Turnstone Biologics has brought in $80 million from its IPO in some welcome good news for a biotech looking to escape the shadow of abandoned Big Pharma partnerships.
The final $12 share price came in at the lower end of the $12 to $14 estimate the biotech set out earlier this week. But as the company prepared to make its Nasdaq debut Friday morning, Turnstone confirmed that the upsized offering saw it sell 6.6 million shares of common stock, above its original expectation of 5.8 million.
The biotech still has an opportunity to boost its coffers further thanks to a 30-day option for underwriters to grab an additional 1 million shares at the same offering price.
The San Diego-based company has already set out how it plans to use the money to fund phase 1 work on its lead asset TIDAL-01 for breast and colorectal cancers as well as move another tumor-infiltrating lymphocyte into the clinic and run combination trials with viral immunotherapies.
That same IPO paperwork shed more light on the end of Turnstone’s deal with AbbVie, which paid $90 million to work with the biotech in 2017 but terminated the partnership in 2021. A separate $80 million upfront development deal with Takeda only lasted until 2022 with a remaining discovery pact with the Japanese Big Pharma ending in 2023.
As these partnerships fell apart, Turnstone initiated layoffs in the fall of 2022 and subleased its space in New York to consolidate operations at its headquarters in San Diego.

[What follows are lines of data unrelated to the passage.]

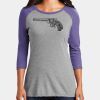 Women's Perfect Tri ® 3/4 Sleeve Raglan Thumbnail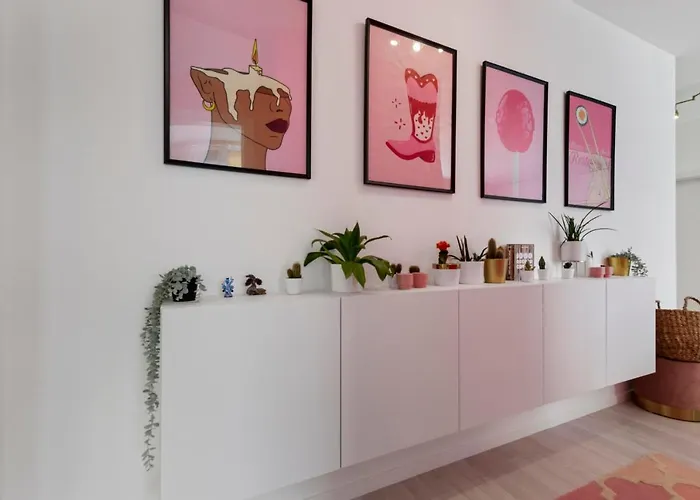 Apartmán Lam Pink - Jacuzzi - Ac - Ps4 *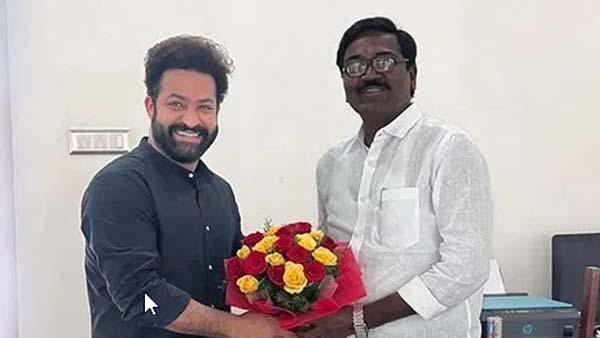 puvvada ajay meets jr ntr for discussing on NTR statue inauguration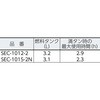 エンジン式高圧洗浄機 SEC(コンパクト&カート型) スーパー工業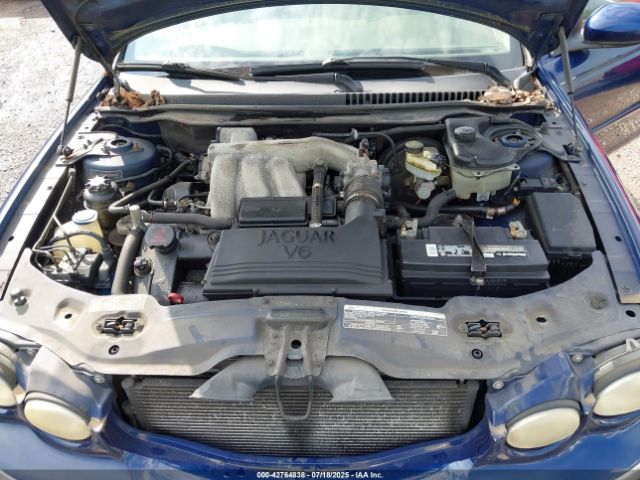 2004 JAGUAR X-TYPE SAJEA51C54WD88553 Photo 9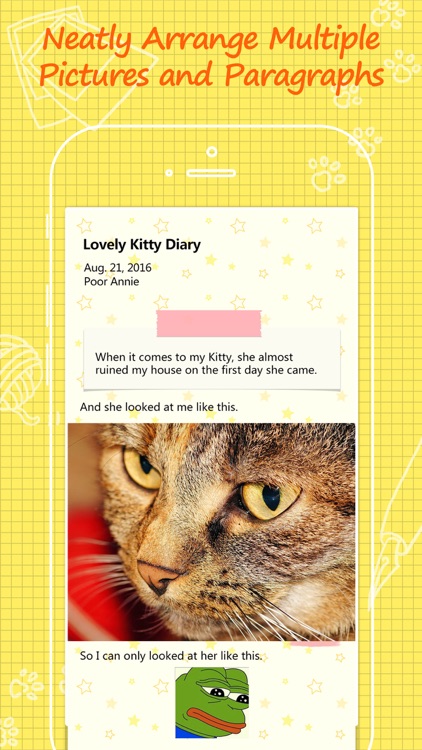 Press - blog writing app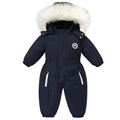 -30 Degree Waterproof Hooded Overall Baby/Kids Ski Suits childrensterritory
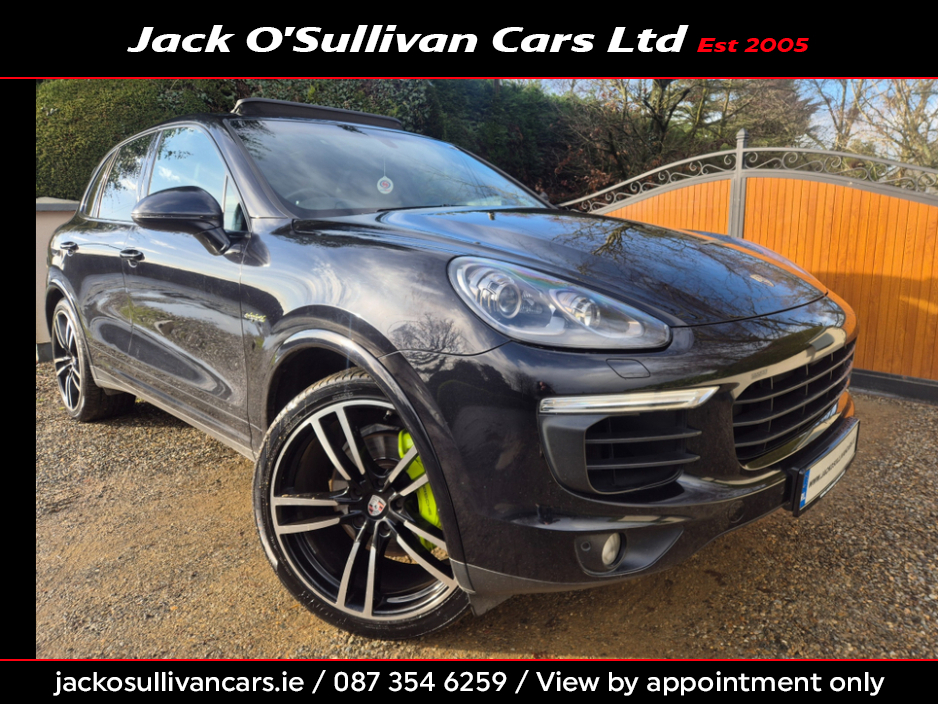 Used Porsche Cayenne 2016 in Wexford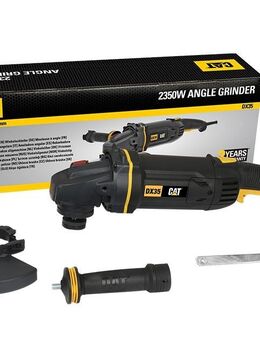 Winkelschleifer CAT DX35 230 mm 2350 W rotierend, sanfte Bewegung, „Soft Start“ - Wuppertal
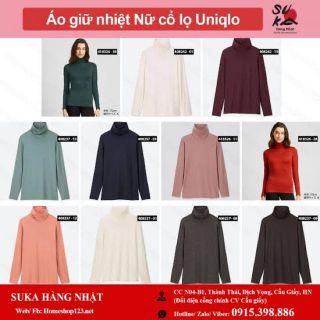 ユニクロ(UNIQLO)のボルドー　ユニクロ　極暖ヒートテック　一回着用(Tシャツ(長袖/七分))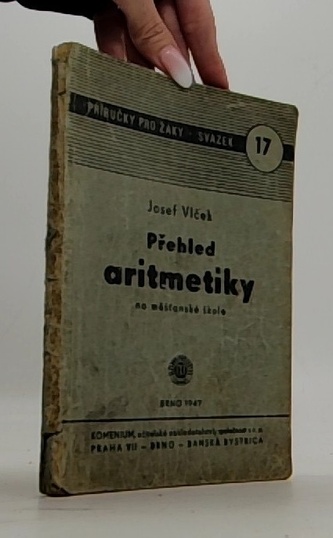Přehled aritmetiky na měšt'anské škole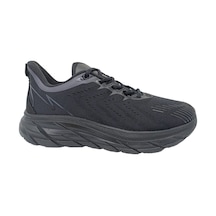 Lescon Easystep Nibur Siyah Unisex Yürüyüş Koşu Spor Ayakkabı Siyah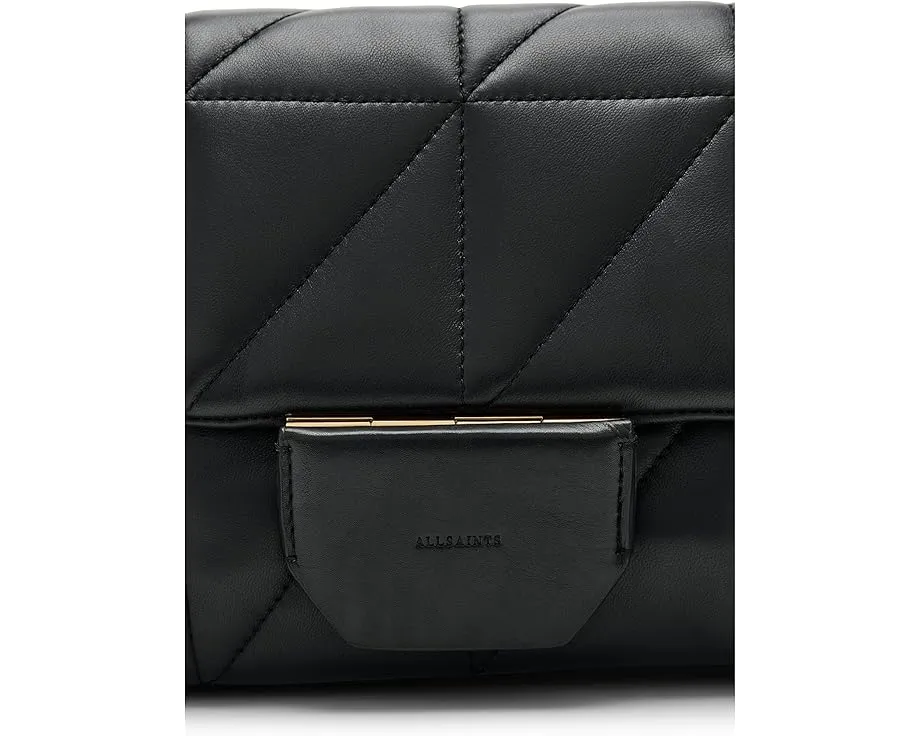 Сумка через плечо AllSaints Ondine Quilt из стеганой кожи с шестигранным патчем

Against that grim backdrop, Turnstone’s IPO is a reminder that biotech listings are beginning to bubble back up after a quiet 2022. It comes just a week after Paragon spinout Apogee Therapeutics and Sagimet Biosciences both landed on the Nasdaq with offerings that overshot expectations. Turnstone sits closer to the more modest $85 million that Sagimet mustered for its own IPO as opposed to the hefty $300 million Apogee brought in.